The Seventh Seal
Det sjunde inseglet
Writer
& Director ~ Ingmar Bergman
1957,
Sweden
Stars ~ Max
von Sydow, Gunnar Björnstrand, Bengt Ekerot, Nils Poppe
His seventeenth film, Ingmar Bergman’s
‘The Seventh Seal’ was adapted from his own play ‘The Wood Painting’
(‘Trämålning’,1953/1954) which he wrote for an actor’s workshop as director
of the Malmö City Theatre. The title ‘The Seventh Seal’ refers to a
passage from the Book of Revelation: "And
when the Lamb had opened the seventh seal, there was silence in heaven about
the space of half an hour." (Revelation 8:1) In
Bergman’s original play, Death is represented by silence, but Death here is
personified by Bengt Ekerot, coming for a knight on his way home from The
Crusades. But the knight, played by Max Von Sydow, challenges Death to a game
of chess for a delay until he can find meaning.
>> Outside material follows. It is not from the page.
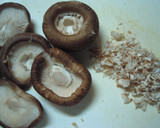 ♪椎茸の玉ねぎマヨソースのせ焼き♪作り方1写真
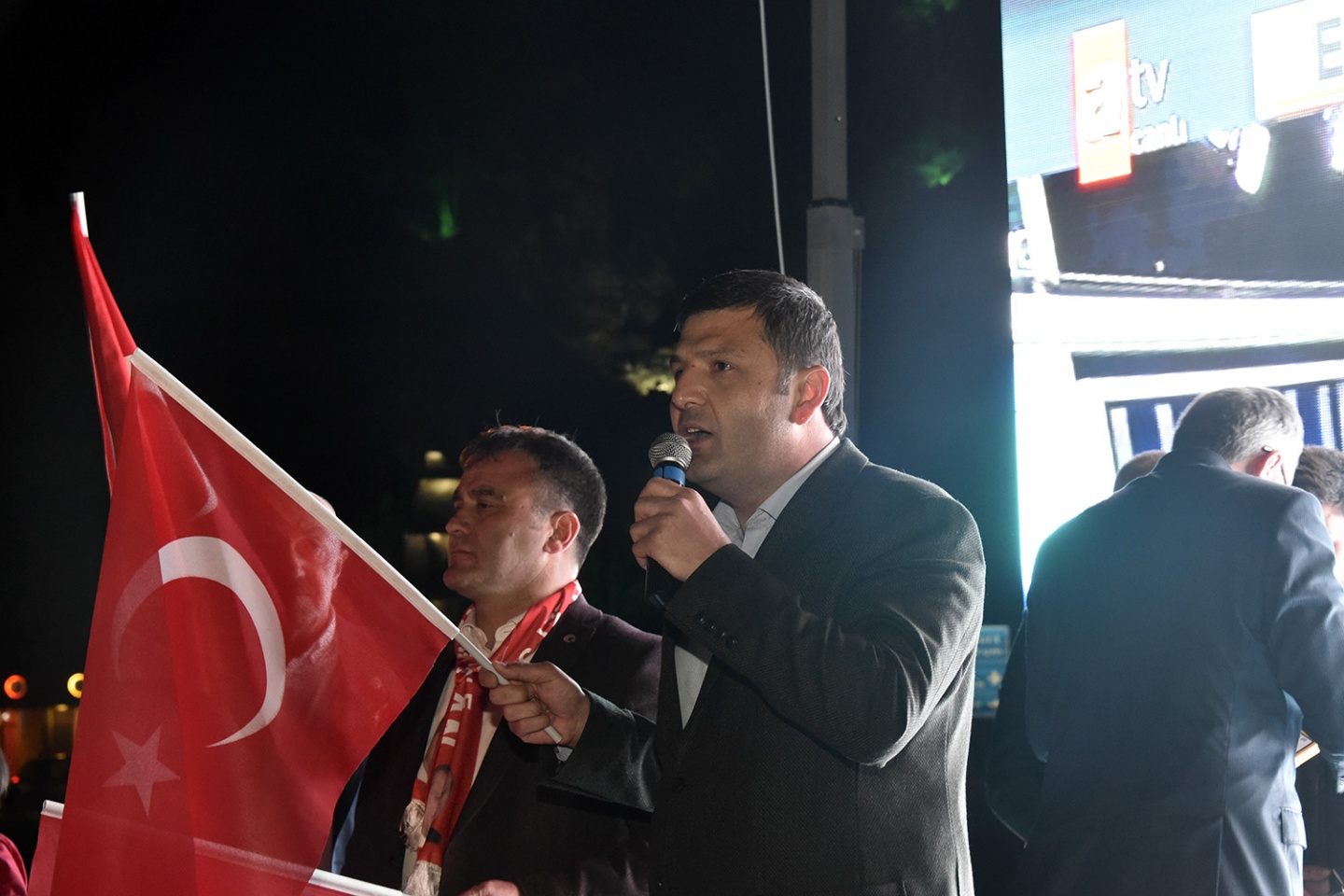 Gümüşhane’de ‘Başkan Erdoğan’ sloganlarıyla kutlama yapıldı 15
The influences on the film range
from Picasso, Shakespeare, the frescoes at Härkeberga church and his upbringing
in a devout Christian household, his father being a rector. A religiously
themed film running on symbolism, ‘The Seventh Seal’ is the tonal opposite
of Jodorowdy’s ‘The Holy Mountain’, which feels like a film made by a
very naughty boy. Instead, Bergman’s vision is playful, clear, pristine,
austere, mature, aided by the high contrast black and white. The seriousness of
intent and purposeful staginess is the stuff of endless parodies, but there is
a confidence here and a surprising humanity that immediately disarms. There’s a
lot of lolling around in love and contemplation. The tone is that of a fairy
tale being treated to the veracity of a historical drama, although its historical
accuracy is erratic: for example, The Crusades were before The Black Death, and
witch persecutions in Sweden came much later. But its strength as allegory is
not in doubt, and Bergman’s magic touch is in its surety in making such
potentially humourless premise easy entertainment.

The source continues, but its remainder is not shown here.